Core Concepts
Deep neural networks can be effectively represented and analyzed as complex networks, providing insights into their internal dynamics and decision-making processes beyond the traditional input-output relationship.
Abstract
This paper proposes a unified framework for representing and analyzing deep neural networks (DNNs) through the lens of Complex Network Theory (CNT). The authors introduce and formalize a set of CNT metrics that can be applied to various DNN architectures, including Fully Connected (FC), Convolutional Neural Networks (CNNs), Recurrent Neural Networks (RNNs), and AutoEncoders (AEs).
The key contributions are:
Extension of existing CNT metrics to account for the effect of input data, moving beyond a purely topological analysis. The new metrics include Neurons Strength and Neurons Activation, which capture the influence of the input distribution on the network's internal dynamics.
Adaptation of the CNT metrics to handle the unique characteristics of CNNs and RNNs, which leverage architectural inductive biases like local connectivity and sequential processing.
Extensive experiments on MNIST and CIFAR10 datasets, analyzing the patterns and trends observed in the CNT metrics across different architectures, activation functions, and network depths.
The results reveal distinct dynamics and training patterns for the various DNN architectures. For example, CNNs exhibit localized learning through multimodal Nodes and Neurons Strength, while AEs in deeper models suggest learning dynamics that diverge from shallow architectures. The authors also find that non-linear activations lead to asymmetric distributions, enabling complex pattern learning. Overall, the proposed framework provides a method rooted in physics for interpreting DNNs, offering insights beyond the traditional input-output relationship and the topological CNT analysis.
Stats
The authors report the following key statistics:
For Fully Connected networks, there is an abundance of negative or close to zero weights, indicating an over-parametrized network.
Convolutional Neural Networks exhibit multimodal Nodes and Neurons Strength, suggesting localized learning of patterns like edge detection.
Recurrent Neural Networks show a pronounced Kurtosis in the Neurons Strength distribution, and their Neurons Activation is distributed not just at the extremes of the sigmoid function, but also significantly in the middle.

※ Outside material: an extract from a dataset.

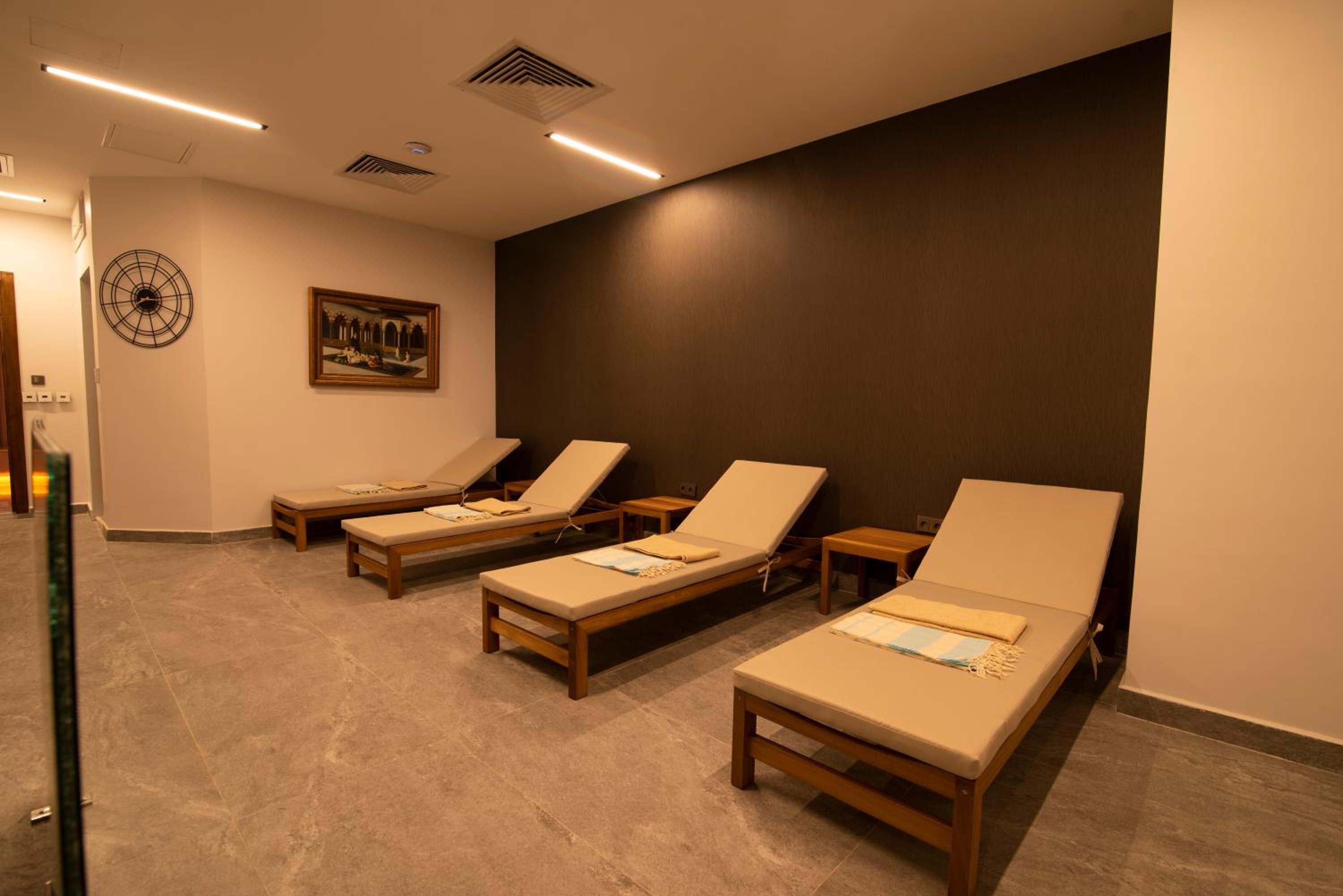 Hotel Bulvar Palas - Image 49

Deeper AutoEncoder architectures do not seem to leverage the same "building blocks" as shallow models, suggesting that data compression is a dynamic process heavily influenced by the number of layers.
Quotes
"CNNs' Neurons Activation centres around zero, with low variance compared to other architectures. Conversely, non-linear activations skew the distribution of the metrics toward zero. Both ReLU- and sigmoid-activated networks leverage negatively activated neurons to discriminate between different classes."
"Unlike FCs and RNNs, CNNs with non-linear activations learn discriminative patterns for classification, mostly in negative regions of the activation function."